Hicks v. Globe Life Acc. Ins. Co., 584 So.2d 458, 463 (Ala. 1991) (emphasis omitted).
We recognize that Hicks and Hickox were overruled by Foremost Ins. Co. v. Parham, 693 So.2d 409 (Ala. 1997), which established a new standard applicable in all fraud cases filed after March 14, 1997.
B B relies on the "savings clause" of § 6-2-3, Ala. Code 1975, to toll the running of the limitations period. Section 6-2-3 states:
"In actions seeking relief on the ground of fraud where the statute has created a bar, the claim must not be considered as having accrued until the discovery by the aggrieved party of the fact constituting the fraud, after which he must have two years within which to prosecute his action."
B B claims that it did not discover the fraud until November 1995. Given that saving clause, we agree that B B has shown a genuine issue of fact as to when it discovered the alleged fraud. This question of fact made the dismissal improper as to B B's fraud claim.

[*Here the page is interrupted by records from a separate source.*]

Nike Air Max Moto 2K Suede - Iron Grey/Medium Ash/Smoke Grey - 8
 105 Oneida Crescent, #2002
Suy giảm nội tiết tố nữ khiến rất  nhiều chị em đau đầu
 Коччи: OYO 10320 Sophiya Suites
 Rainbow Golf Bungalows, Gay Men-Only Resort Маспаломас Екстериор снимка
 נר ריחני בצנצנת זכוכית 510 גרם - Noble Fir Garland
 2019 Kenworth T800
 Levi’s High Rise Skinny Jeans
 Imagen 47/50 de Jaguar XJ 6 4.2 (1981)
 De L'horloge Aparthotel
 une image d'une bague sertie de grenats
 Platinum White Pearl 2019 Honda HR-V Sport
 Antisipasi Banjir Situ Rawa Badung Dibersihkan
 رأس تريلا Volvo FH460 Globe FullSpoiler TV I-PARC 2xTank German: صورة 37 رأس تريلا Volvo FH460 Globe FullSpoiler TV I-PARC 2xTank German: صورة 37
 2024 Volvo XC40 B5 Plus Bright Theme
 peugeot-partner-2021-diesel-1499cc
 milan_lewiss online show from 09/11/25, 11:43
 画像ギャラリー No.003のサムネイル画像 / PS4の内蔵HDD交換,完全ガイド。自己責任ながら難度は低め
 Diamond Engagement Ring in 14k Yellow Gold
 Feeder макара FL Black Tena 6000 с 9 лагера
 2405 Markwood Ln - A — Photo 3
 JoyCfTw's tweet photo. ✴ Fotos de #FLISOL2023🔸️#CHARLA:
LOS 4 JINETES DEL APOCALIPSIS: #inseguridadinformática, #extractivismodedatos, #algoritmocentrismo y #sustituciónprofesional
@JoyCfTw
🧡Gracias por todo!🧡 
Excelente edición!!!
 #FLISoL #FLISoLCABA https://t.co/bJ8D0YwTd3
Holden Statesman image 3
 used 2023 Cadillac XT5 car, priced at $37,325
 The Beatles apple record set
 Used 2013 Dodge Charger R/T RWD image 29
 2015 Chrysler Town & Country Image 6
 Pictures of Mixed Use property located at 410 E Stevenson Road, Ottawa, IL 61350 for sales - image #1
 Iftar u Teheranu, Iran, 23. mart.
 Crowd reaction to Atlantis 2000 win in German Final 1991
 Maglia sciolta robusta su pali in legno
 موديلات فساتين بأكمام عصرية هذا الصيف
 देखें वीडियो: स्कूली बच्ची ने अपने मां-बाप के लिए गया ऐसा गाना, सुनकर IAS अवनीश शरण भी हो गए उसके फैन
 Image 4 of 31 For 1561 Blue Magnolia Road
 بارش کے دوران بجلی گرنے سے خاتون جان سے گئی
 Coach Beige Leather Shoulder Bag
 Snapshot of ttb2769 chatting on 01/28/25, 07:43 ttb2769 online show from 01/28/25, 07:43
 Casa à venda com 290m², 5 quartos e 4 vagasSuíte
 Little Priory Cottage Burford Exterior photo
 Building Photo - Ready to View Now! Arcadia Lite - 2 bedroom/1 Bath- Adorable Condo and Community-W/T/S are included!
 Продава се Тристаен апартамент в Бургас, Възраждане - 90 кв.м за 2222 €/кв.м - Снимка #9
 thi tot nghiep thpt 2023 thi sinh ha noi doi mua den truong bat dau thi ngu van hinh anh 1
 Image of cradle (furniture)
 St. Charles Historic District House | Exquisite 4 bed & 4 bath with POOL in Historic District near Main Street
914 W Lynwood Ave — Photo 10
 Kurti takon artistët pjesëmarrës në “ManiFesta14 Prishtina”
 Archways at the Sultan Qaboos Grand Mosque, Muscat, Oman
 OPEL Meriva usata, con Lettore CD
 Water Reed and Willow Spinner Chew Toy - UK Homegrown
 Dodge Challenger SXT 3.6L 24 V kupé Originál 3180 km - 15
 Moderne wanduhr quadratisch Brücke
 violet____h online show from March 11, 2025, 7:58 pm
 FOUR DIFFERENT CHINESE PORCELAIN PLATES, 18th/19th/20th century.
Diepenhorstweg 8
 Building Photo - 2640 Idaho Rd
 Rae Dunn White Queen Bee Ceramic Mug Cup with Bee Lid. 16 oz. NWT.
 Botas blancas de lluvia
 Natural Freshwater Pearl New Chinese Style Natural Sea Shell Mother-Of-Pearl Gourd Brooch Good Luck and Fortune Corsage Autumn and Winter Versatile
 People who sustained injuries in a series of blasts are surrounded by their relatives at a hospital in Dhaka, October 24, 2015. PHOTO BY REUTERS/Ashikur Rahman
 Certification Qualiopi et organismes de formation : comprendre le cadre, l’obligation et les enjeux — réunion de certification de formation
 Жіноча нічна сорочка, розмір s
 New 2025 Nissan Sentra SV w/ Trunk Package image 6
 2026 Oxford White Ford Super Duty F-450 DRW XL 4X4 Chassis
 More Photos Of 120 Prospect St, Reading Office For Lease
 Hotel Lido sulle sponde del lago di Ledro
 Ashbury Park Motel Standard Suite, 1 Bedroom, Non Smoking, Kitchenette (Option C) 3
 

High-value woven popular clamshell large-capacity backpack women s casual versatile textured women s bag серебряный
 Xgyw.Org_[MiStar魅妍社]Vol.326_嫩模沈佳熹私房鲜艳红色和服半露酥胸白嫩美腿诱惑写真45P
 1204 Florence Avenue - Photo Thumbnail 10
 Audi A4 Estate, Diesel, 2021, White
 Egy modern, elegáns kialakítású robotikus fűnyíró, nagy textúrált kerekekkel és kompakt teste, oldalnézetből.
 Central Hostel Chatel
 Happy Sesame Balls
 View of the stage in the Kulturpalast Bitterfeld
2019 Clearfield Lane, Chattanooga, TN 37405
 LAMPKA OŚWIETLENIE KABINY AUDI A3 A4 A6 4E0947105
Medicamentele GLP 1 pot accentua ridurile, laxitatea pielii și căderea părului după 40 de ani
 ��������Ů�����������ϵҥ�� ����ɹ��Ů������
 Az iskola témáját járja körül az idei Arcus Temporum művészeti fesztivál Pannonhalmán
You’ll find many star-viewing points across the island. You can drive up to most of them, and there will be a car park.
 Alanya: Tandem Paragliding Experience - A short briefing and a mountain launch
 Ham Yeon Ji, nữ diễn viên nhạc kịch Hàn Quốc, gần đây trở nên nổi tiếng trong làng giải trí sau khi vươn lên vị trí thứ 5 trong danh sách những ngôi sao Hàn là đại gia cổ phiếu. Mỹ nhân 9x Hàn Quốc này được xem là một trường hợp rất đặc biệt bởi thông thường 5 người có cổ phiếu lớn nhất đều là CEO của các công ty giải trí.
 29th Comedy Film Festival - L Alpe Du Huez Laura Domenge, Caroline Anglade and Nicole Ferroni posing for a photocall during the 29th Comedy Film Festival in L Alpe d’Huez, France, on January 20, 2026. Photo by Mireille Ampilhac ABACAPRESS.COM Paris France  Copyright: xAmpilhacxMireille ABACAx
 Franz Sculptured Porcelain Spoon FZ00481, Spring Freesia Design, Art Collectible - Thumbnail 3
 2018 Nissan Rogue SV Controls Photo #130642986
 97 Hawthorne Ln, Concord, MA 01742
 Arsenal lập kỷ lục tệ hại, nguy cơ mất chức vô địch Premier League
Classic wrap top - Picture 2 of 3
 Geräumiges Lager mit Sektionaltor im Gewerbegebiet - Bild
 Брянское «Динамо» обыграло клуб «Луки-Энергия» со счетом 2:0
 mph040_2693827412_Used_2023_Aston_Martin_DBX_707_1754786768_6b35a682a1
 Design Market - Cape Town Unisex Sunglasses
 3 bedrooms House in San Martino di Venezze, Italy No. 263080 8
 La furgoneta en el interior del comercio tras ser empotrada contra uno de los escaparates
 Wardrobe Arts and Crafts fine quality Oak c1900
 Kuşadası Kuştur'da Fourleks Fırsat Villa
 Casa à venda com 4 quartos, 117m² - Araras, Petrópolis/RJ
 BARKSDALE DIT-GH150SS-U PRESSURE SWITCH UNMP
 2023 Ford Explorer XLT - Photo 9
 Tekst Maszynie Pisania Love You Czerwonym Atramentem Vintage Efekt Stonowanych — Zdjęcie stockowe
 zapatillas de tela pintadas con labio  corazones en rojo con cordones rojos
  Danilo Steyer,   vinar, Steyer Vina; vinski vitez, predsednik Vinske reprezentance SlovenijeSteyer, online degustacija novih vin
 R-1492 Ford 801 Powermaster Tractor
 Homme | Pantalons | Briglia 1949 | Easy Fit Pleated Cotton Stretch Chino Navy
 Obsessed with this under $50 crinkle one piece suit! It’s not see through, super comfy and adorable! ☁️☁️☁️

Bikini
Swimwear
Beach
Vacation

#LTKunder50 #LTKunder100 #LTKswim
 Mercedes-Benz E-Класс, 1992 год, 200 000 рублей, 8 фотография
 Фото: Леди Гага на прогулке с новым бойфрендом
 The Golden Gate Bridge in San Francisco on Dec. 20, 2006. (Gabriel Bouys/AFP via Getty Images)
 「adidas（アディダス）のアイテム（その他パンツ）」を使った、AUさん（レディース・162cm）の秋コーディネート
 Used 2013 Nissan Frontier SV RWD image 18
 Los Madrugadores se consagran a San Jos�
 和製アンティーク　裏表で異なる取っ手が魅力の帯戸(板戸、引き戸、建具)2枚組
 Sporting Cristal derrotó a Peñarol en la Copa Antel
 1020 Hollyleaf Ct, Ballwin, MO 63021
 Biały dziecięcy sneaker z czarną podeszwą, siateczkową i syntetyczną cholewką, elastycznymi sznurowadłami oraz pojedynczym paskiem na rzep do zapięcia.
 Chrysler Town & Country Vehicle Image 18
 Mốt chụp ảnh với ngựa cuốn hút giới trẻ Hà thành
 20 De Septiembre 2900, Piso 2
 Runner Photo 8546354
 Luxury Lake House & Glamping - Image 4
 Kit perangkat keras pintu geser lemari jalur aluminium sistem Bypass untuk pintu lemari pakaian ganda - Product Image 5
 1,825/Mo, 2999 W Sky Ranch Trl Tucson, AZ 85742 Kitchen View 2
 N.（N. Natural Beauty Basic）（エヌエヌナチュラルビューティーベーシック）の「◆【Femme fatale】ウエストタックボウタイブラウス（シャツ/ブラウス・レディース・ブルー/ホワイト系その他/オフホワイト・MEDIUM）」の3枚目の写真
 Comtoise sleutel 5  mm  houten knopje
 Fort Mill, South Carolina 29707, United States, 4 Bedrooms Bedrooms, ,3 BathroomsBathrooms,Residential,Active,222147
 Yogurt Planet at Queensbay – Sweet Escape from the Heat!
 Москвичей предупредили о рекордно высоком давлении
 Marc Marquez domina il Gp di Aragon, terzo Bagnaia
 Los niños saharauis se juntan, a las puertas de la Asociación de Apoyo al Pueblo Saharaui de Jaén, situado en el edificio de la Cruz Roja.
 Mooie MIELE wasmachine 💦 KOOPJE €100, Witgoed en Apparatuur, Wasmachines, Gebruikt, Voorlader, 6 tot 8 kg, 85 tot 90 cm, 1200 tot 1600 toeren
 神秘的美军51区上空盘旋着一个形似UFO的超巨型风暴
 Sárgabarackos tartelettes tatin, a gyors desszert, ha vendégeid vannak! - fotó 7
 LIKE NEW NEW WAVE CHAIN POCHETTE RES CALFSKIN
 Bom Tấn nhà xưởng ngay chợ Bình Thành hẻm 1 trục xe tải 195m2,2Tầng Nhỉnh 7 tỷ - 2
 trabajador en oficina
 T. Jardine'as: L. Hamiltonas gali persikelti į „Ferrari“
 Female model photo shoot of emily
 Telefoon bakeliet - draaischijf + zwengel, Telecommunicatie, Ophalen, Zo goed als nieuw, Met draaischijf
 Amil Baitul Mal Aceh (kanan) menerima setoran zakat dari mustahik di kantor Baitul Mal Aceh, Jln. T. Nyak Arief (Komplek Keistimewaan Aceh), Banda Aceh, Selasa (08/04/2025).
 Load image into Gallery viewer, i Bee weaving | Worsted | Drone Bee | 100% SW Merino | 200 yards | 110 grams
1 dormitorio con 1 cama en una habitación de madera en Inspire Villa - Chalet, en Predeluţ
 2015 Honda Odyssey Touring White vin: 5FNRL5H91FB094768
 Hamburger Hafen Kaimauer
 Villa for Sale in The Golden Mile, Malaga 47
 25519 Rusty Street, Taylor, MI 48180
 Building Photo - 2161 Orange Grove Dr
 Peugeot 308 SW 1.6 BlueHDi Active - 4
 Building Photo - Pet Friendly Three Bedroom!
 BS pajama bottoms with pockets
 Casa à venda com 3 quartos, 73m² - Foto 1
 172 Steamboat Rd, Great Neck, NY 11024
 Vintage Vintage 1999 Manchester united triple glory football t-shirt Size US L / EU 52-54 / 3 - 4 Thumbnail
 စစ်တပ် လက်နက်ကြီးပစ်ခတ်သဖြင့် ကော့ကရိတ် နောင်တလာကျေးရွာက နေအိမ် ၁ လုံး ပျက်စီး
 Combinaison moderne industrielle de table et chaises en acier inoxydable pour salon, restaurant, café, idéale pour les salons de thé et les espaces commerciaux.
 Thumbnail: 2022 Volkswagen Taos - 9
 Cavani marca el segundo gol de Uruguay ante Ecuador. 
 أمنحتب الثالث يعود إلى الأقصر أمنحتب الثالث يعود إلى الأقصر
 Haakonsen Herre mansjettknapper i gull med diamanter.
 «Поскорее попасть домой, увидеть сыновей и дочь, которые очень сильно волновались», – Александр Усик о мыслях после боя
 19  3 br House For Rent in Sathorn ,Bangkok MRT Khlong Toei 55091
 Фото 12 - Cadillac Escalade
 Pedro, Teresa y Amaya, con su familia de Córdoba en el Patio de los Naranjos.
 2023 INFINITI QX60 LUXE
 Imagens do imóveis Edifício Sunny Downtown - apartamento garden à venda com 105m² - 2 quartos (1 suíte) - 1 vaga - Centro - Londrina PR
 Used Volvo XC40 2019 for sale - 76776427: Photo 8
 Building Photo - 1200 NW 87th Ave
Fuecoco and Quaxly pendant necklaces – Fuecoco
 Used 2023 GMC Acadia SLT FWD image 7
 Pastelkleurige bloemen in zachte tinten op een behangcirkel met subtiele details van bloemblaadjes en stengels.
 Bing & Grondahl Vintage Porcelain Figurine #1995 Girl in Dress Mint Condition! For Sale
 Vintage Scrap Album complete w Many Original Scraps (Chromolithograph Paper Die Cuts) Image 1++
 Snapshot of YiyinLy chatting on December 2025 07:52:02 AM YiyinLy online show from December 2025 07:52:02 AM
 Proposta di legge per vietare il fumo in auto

B B first discovered the problems with its building in March 1992, when it discovered the blistering and discoloration in the exterior system. B B claims that as a result of discovering those problems, it contacted its contractor and Coastal, which in turn contacted Dryvit Systems. According to B B, Dryvit and Coastal sent representatives to inspect the problem. B B says those representatives told B B that the discoloration problem was a paint problem caused by iron pyrites in the exterior coating. Dryvit and Coastal repainted the discolored portion and allegedly represented to B B that the exterior system was functioning properly. It was this representation that B B says constituted the fraud. The trial court misconstrued this fraud claim when it held that B B's discovery of the defects in March 1992 constituted actual knowledge of the defective condition. B B's fraud claim is not based on the original defective condition of the building. It is based on Dryvit and Coastal's alleged misrepresentation, after they had done their repair and inspection, that there was no longer a defect.
Dryvit and Coastal were apparent experts in dealing with the Dryvit exterior system. It certainly appears possible that a factfinder could conclude that a person of ordinary prudence could have relied on Dryvit and Coastal's representation that the problem had been corrected and that B B did not discover the fraudulent representation until it discovered the water damage in November 1995. If the factfinder makes that determination, then the "saving clause" of § 6-2-3 would apply and the fraud claim would not be banned by the statute of limitations.
The trial court erred in dismissing counts 7, 12, 13, and 17, all of which were based on the alleged misrepresentation and concealment in November 1992. When we construe the facts in favor of B B, we must conclude that it does not appear beyond a doubt that B B could prove no set of facts entitling it to relief.
The judgment is reversed as to counts 7, 12, 13, and 17 (all based on the fraud claim); otherwise, it is affirmed. The case is remanded for action consistent with this opinion.
AFFIRMED IN PART, REVERSED IN PART, AND REMANDED.
YATES, MONROE, and CRAWLEY, JJ., concur.
ROBERTSON, P.J., concurs in the result only.